Oregon county pairs with Drivewyze to provide work zone alerts

Drivewyze alert screen
Drivewyze

 Oregon’s Umatilla County has partnered with Drivewyze to provide truck drivers with in-cab safety alerts in an effort to reduce commercial vehicle crash rates in active work zones.

The Umatilla County pilot program to improve highway safety includes a collaboration between Drivewyze, and one.network, a digital work zone and road management platform provider. The alerts give drivers a heads-up to upcoming work zones. The in-cab safety alerts are available to all truck drivers and trucking fleets at no cost through the Drivewyze Free service. Drivewyze Free can be activated through 100+ telematics service providers partnered with Drivewyze or downloaded directly from app stores.  

Umatilla County, which covers more than 3,200 square miles in eastern Oregon, borders Washington state and connects to Boise on the border of Idaho via Interstate 84. It’s a main transportation corridor with mid-sized Oregon towns, like Baker City and Pendleton along the route.

Drivewyze is partnering with leading transportation agencies across the U.S. to deliver essential safety alerts and advisories through Drivewyze Free to truck drivers and fleets at no cost to the industry. Over a quarter of all states have or are in the process of, implementing this in-vehicle extension to traditional highway safety programs.  In addition to active work zones, message sets can include warnings for sudden and unexpected slowdowns, service vehicles, virtual safety signs, and public emergency broadcasts. 

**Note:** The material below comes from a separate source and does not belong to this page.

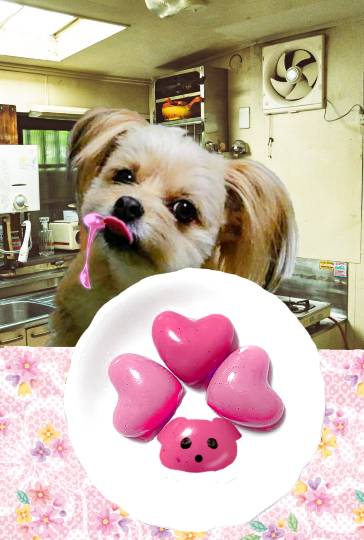 生き物ルーム第34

Drivewyze Free is accessed through the Drivewyze mobile application, which is integrated with ELD partners operating on millions of trucks. The application can be embedded, run as a companion application, or run directly on the vast majority of telematics devices, smartphones or tablets installed in commercial vehicles. In addition to agency-sponsored safety alerts, Drivewyze Free also provides Drivewyze-sponsored alerts and advisory warnings for high-rollover risk areas, low bridges, mountain alerts (steep grade ahead; chain-up/brake check stations; and runaway ramps), and truck parking availability, where available.